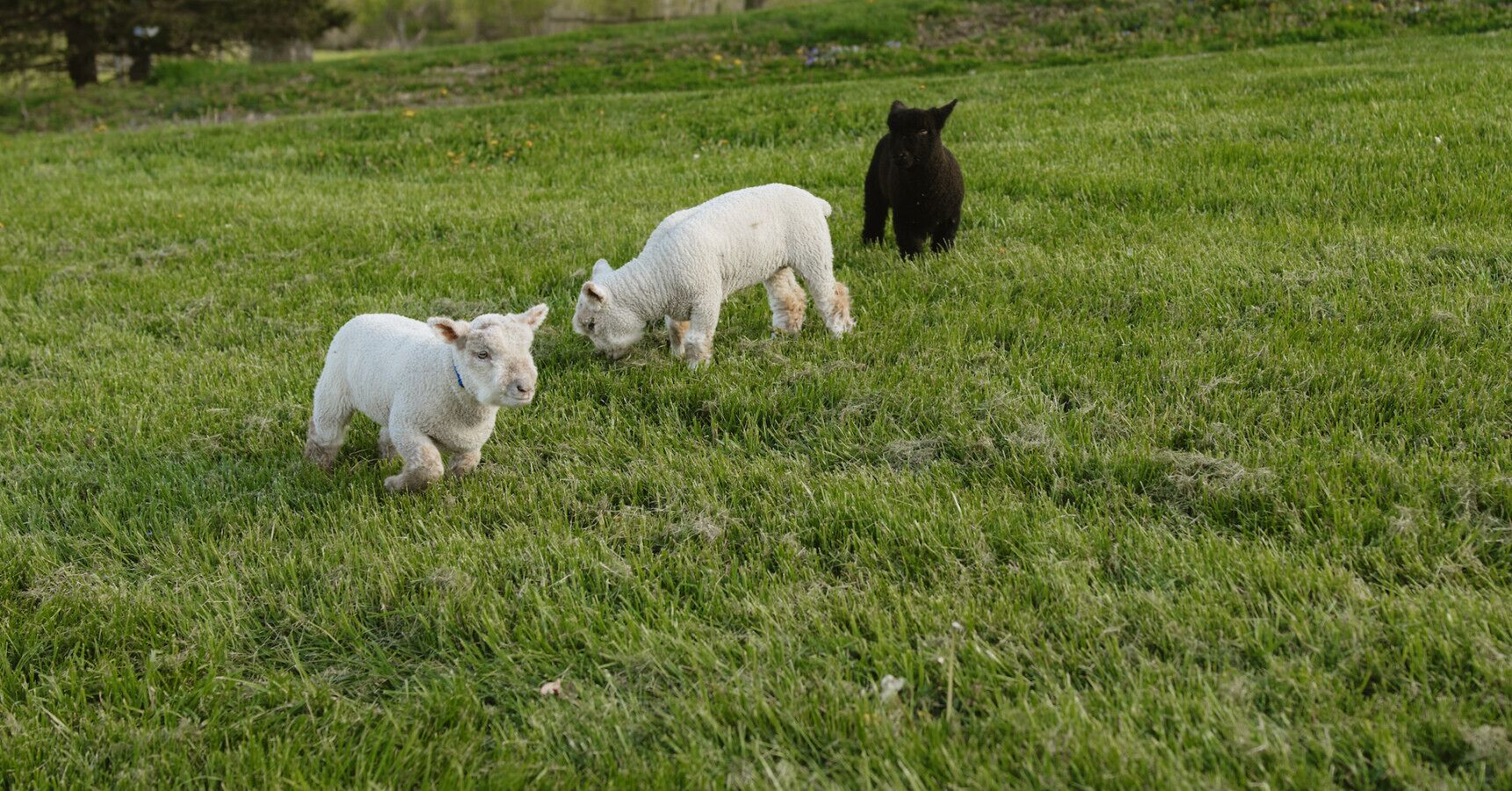 A grassy field with three lambs.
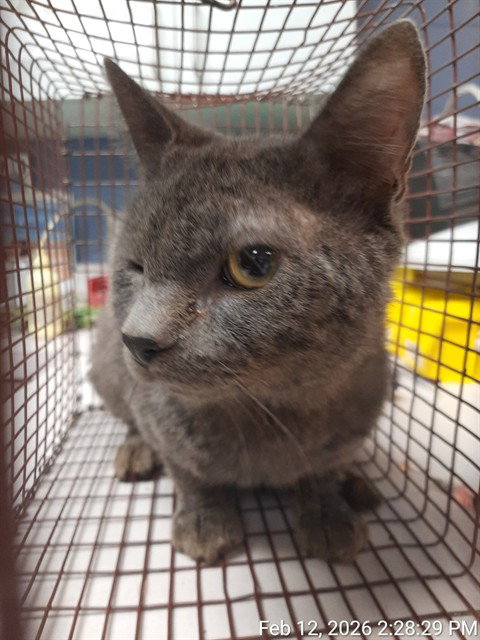 picture of the cat needing adoption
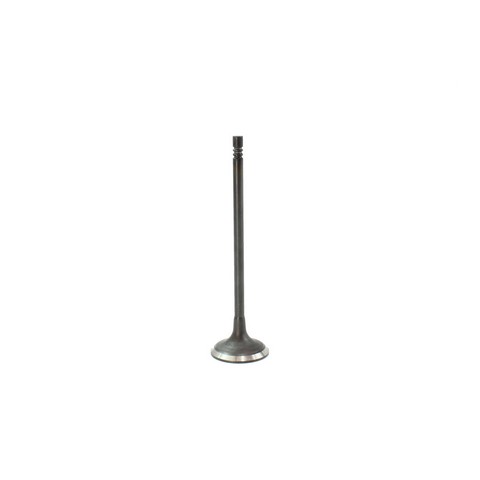 DNJ Engine Intake Valve P/N:IV828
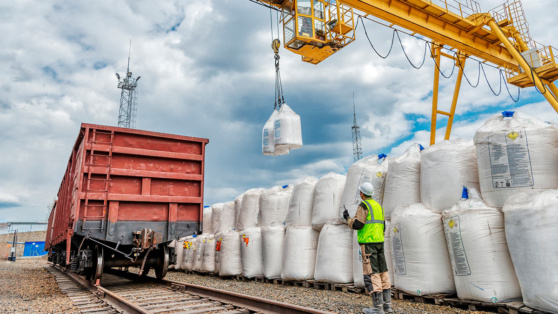    Экспорт минеральных удобрений из РФ к 2030 году может вырасти почти на 40% ©Nordroden / Shutterstock / Fotodom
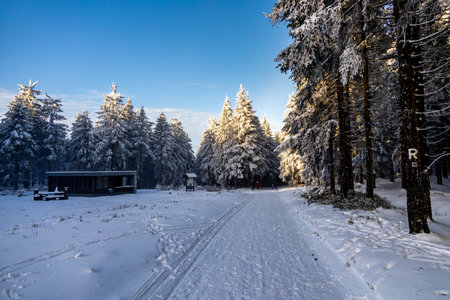 Romantic winter hike to the highest peak of the Rennsteig - the Schneekopf near Schmiedefeld in the evening light - Thuringia - Germanyの写真素材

_____

WHAT IS REQUIRED ▸ With the pictures omitted, reproduce the data above exactly.

EXPECTED ANSWER ▸
 A grassy field with three lambs.
 picture of the cat needing adoption
 DNJ Engine Intake Valve P/N:IV828
    Экспорт минеральных удобрений из РФ к 2030 году может вырасти почти на 40% ©Nordroden / Shutterstock / Fotodom
 Romantic winter hike to the highest peak of the Rennsteig - the Schneekopf near Schmiedefeld in the evening light - Thuringia - Germanyの写真素材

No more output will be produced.